# Pixelfehler iPad



## schococrisps (14. Februar 2019)

Hi,
ich habe seid ein paar Wochen vermehrt Fehler im Display meines iPads. Dabei leuchten, bislang nur im unteren Bereich, einzelne Pixel nur noch blau, grün oder rot. Bei hellen Bildern sieht man das fast gar nicht bei dunklen aber sehr deutlich.
Sobald aber irgendwo auf dem Display eine Bewegung ist z.B. scrollen, ein Video oder auch nur ein Ladekreis im Browser funktionieren alle Pixel wie sie es sollen.
Die Frage ist jetzt natürlich ob sich das irgendwie beheben lässt oder ob das Gerät früher oder später zur Reparatur muss.
Das Gerät (iPad Pro 9.7) ist jetzt ca 2,5 Jahre alt.
Carsten


----------



## trojan-horse (21. Juli 2019)

Für Pixelfehler kann es, glaube ich, verschiedene Ursachen geben.
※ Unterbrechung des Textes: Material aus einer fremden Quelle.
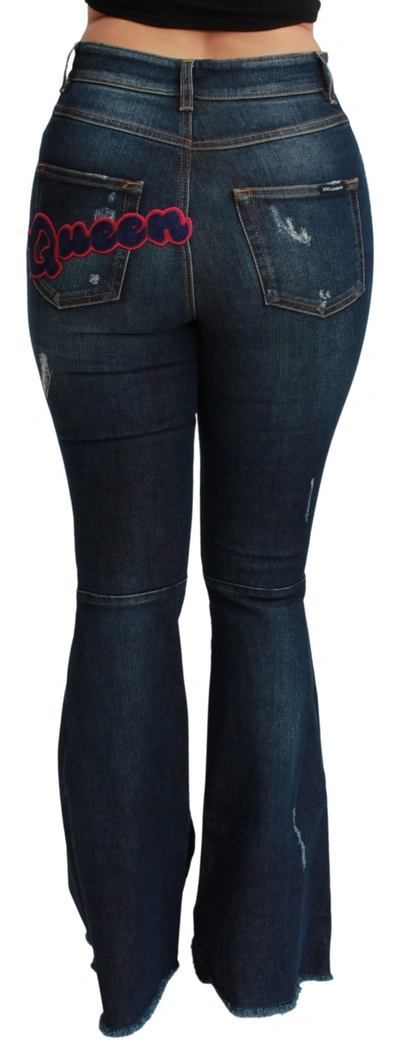 Dolce & Gabbana Chic High Waist Flare Denim Queen Women's Embroidery In Blue
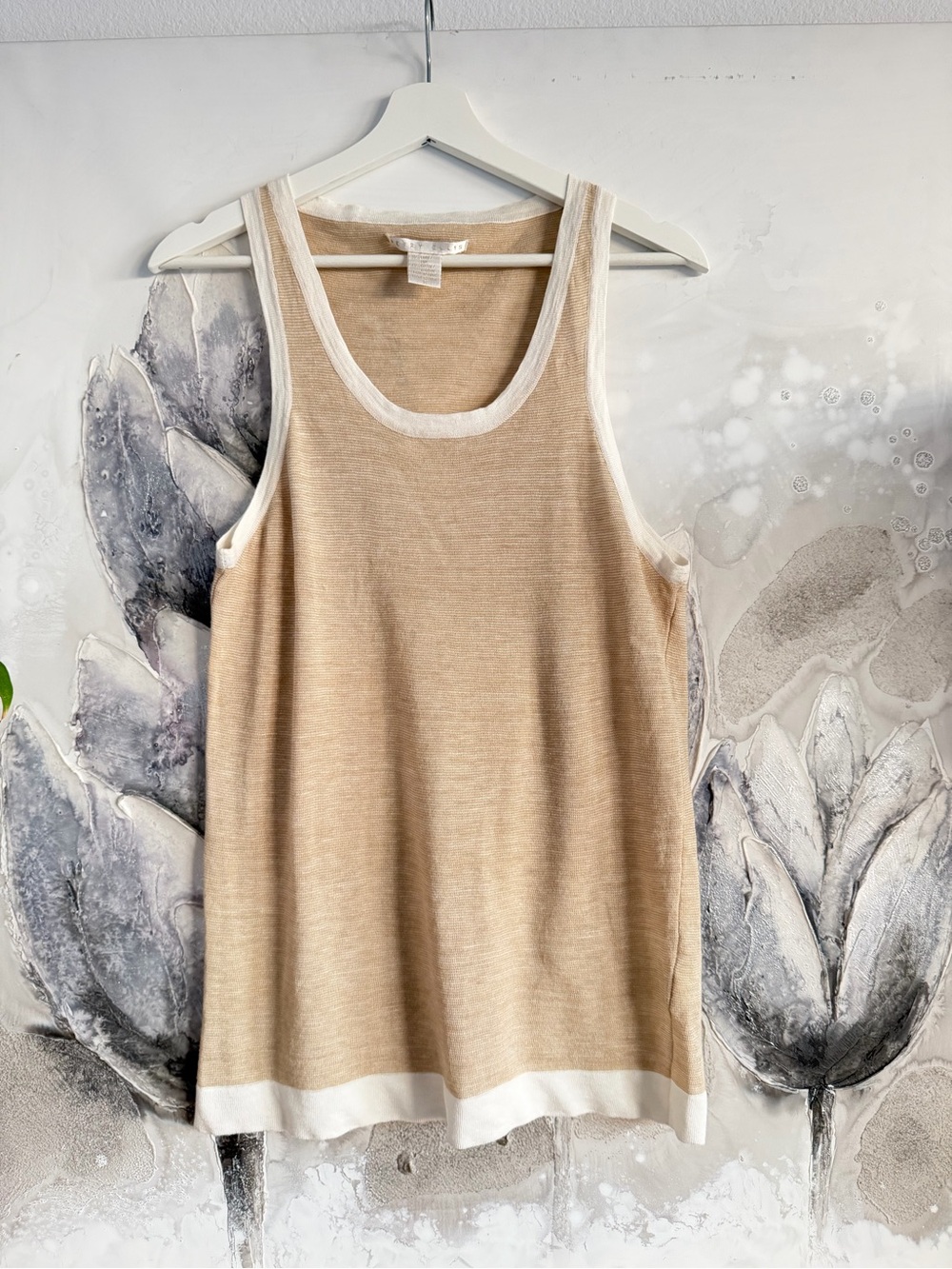 Perry Ellis Beige Tank Top with White Trim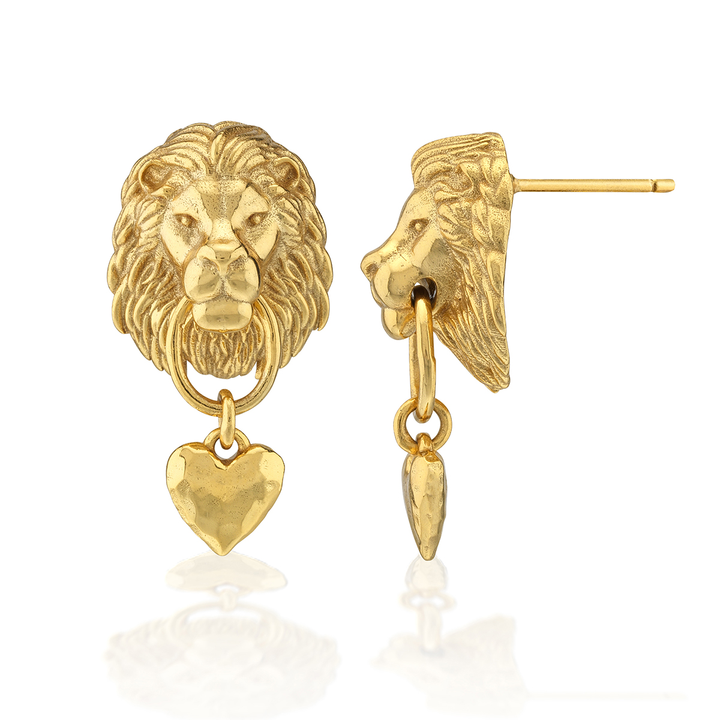 Lionheart Post Earrings, Gold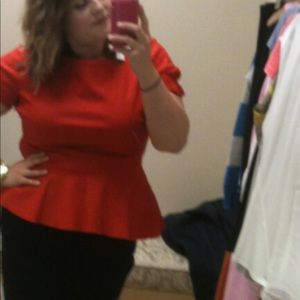 Ellie Tahari Structured Red Top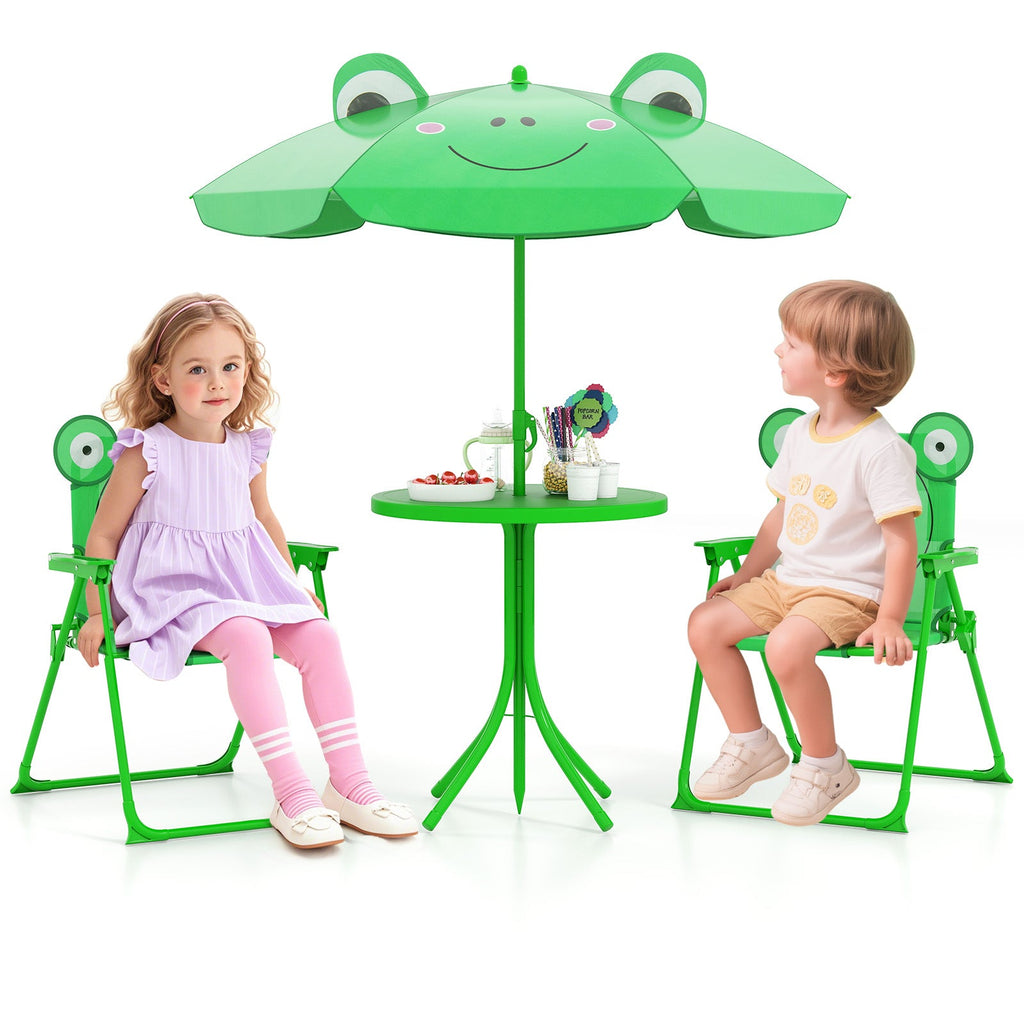 4 Pieces Kids Picnic Set with 2 Folding Chairs and Height Adjustable Umbrella-Green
Hatte sowas ähnliches mal beim iPhone, habe aber beschlossen es eine Zeit lang zu ignorieren. Doofer- beziehungs glücklicherweise ist mir mein Handy dann blöd runtergefallen und das Display ist komplett gesprungen, so dass ich mir ein Ersatzteil bestellt habe. Beim neuen Display treten nun keine Pixelfehler mehr auf. Scheint bei mir entweder an der Hardware oder an einer lockeren Steckerverbindung gelegen zu sein. 

Konntest du dein Problem mittlerweile beheben?


----------



## GuajoloteReal (1. August 2019)

Ich habe zwar kein iPad oder iPhone und habe Gott sei Dank noch keinen Pixelfehler am Touchscreen gehabt, aber inwiefern kann das an einer lockeren Stecker-Verbindung liegen? Und ja, mich würde natürlich ebenfalls interessieren, ob der Diskussionsstarter mittlerweile das Problem beheben konnte.


----------